Backup jobs

Backup jobs

One execution of a backup — statuses, the full lifecycle including stuck-job recovery, downloads, and expiry.

Not verified yet

A backup job is a single execution record: one row per scheduled run and one per manual trigger. Jobs answer "did last night's backup run?", "how big is it?", and "can I still download last week's dump?".

What a job records

FieldMeaning
StatusWhere the job is in its lifecycle — see below.
Triggerschedule (cron-fired) or manual (Run backup now).
Created / FinishedWall-clock timestamps; scheduled jobs also record the slot they were scheduled for.
DurationDump + upload time.
SizeBytes written to S3 (after compression).
Storage locationThe bucket and key the archive landed at (populated on success).
Error summaryOn failure: a human-readable reason classified from the underlying pg_dump/mongodump error — "authentication failed", "disk full", "version mismatch" — rather than a raw stack trace.

Status lifecycle

queued → running → success
                 → failed
  • queued — waiting for the dispatcher. Jobs are picked up within seconds (the UI promises "within a minute").
  • running — an isolated worker container is doing the dump. Big databases can legitimately run for hours.
  • success — archive confirmed in storage; size and location recorded.
  • failed — the dump or upload failed; the error summary says why.

(The API also defines partial and canceled statuses; they're reserved and not produced today.)

One more state you'll see in the UI: Expired. That's not a job status but a badge on successful jobs whose archive has since been deleted by retention — the row stays in history (the tooltip shows when it expired and under which rule: age exceeded or keep-last-N), but the file is gone and download is disabled.

Stuck jobs heal themselves

If a worker dies without reporting back (container killed, network blip), the job would sit in running forever. A reaper checks long-running jobs against the actual container state hourly and resolves them:

  • The archive actually landed and the worker exited cleanly → the job is healed to success, with size and location backfilled from storage. You don't lose a good backup to a lost status report.
  • Objects landed but the worker failed → the partial objects are cleaned up and the job is marked failed.
  • Nothing landed → marked failed with the container's exit reason as the error summary.

The check is container-state-driven, not time-driven — a legitimate 12-hour dump stays running because the container is genuinely still running. Each reaper outcome writes its own audit entry (backup_job.reaped_healed, backup_job.reaped_orphan_cleaned, backup_job.reaped_stuck).

Download a backup

In the datasource's Backup jobs table, use the row's download action. The dashboard requests a signed URL valid for 15 minutes and starts the download. Rules:

  • Only successful, non-expired jobs with an archive on file can be downloaded — the action is disabled otherwise, with the reason shown (e.g. "Backup expired by retention policy and was removed from storage").
  • Downloads work for backups in Norcube-managed storage. For BYO destinations the archive is in your bucket — fetch it directly with your own credentials; Backup deliberately has no read access to hand out.
  • Every link generation is audited (backup_job.download_link_generated) — the audit row records that a link was minted, never the link itself.

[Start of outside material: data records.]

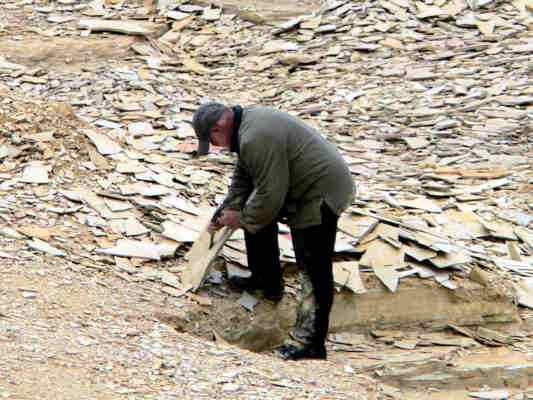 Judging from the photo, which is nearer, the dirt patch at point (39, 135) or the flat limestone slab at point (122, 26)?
the dirt patch at point (39, 135)

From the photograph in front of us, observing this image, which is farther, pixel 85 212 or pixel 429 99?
pixel 429 99

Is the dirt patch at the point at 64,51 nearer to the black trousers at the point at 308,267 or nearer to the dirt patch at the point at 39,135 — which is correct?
the dirt patch at the point at 39,135

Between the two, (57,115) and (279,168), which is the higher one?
(279,168)

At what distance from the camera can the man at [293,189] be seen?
6398 mm

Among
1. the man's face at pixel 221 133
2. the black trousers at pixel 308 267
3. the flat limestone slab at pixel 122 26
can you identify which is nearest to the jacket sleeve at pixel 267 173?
the man's face at pixel 221 133

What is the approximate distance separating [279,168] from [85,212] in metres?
2.73

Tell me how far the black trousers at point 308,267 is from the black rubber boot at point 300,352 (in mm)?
48

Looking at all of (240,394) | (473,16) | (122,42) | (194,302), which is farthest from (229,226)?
(473,16)

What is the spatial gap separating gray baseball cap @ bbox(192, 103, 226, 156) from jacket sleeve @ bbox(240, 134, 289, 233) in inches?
12.2

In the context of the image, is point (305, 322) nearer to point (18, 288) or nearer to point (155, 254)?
point (155, 254)

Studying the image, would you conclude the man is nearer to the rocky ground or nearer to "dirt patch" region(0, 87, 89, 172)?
the rocky ground

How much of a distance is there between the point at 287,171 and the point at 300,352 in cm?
162

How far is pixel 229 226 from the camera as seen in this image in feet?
23.3

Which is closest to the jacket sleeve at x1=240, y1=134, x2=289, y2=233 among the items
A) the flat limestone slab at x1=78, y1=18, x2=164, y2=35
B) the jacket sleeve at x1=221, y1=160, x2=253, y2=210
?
the jacket sleeve at x1=221, y1=160, x2=253, y2=210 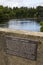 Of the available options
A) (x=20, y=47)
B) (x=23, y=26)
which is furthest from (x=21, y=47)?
(x=23, y=26)

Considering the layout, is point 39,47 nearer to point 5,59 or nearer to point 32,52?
point 32,52

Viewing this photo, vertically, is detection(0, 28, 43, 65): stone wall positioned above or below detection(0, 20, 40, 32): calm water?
above

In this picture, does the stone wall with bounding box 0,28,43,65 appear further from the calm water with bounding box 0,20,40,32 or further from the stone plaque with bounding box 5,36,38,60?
the calm water with bounding box 0,20,40,32

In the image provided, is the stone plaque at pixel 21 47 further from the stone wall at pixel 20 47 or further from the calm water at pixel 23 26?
the calm water at pixel 23 26

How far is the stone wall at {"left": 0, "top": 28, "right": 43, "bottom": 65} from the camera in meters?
1.80

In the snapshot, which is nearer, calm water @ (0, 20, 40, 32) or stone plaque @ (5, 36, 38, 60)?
stone plaque @ (5, 36, 38, 60)

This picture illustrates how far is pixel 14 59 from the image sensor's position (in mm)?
1991

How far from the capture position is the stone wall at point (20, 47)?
180 centimetres

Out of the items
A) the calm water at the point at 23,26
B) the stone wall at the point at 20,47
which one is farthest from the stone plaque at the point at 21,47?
the calm water at the point at 23,26

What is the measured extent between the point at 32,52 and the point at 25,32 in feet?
0.71

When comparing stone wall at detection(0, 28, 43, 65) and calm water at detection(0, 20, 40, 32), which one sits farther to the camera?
calm water at detection(0, 20, 40, 32)

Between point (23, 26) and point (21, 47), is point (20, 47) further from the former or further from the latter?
point (23, 26)

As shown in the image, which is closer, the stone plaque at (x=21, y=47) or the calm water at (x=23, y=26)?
the stone plaque at (x=21, y=47)

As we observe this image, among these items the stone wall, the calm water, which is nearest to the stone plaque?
the stone wall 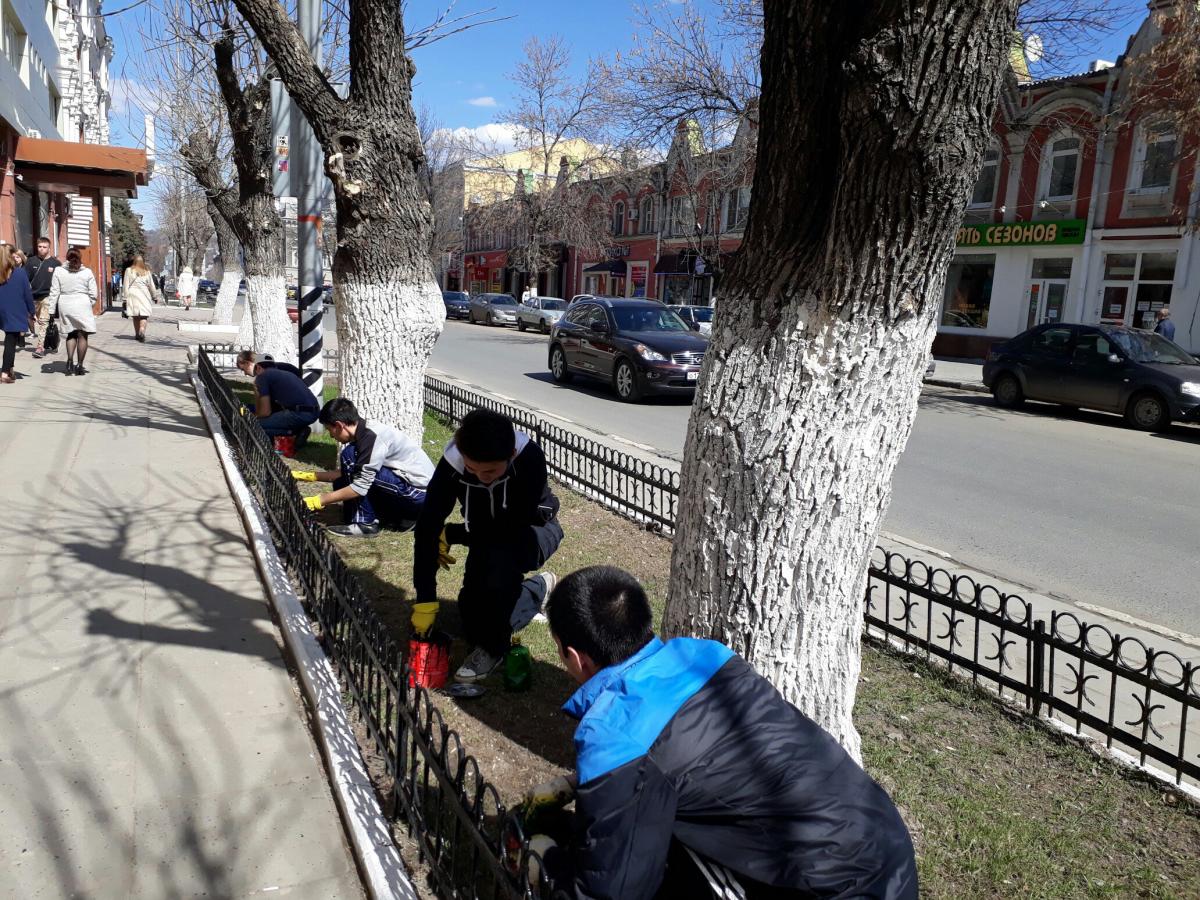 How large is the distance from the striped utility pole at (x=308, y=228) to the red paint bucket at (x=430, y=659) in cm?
596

You can also restore in-product — into a new database, over the existing one, or onto a new server — straight from the backup row. Downloading is the manual alternative for restoring with your own tooling (pg_restore --dbname=... <file> / mongorestore --archive < <file> — see Supported engines).

Delete a backup

Use the row's delete action. Deleting a single backup:

  • is refused with a conflict while the job is queued or running,
  • removes the archive from managed storage within about a minute (the cleanup runs asynchronously); archives in BYO buckets are yours and are not touched,
  • keeps nothing — unlike retention expiry, a manually deleted job is removed from history too,
  • writes a backup_job.deleted audit entry before anything is removed.

Behaviour and edge cases

  • Backups don't lock your database. pg_dump takes only ACCESS SHARE table locks — reads and writes proceed normally; DDL (ALTER TABLE etc.) waits until the dump finishes.
  • Failures are sticky. A failed job is never retried by itself; the next scheduled slot simply runs a fresh job.
  • Manual and scheduled runs can overlap. Backup deliberately allows parallel jobs for the same datasource — each worker is independent.
  • Job history lives with the datasource. Deleting the datasource deletes its job records; export first if you need the trail (nrc snapdb backup list --datasource <id> --all-pages -o json).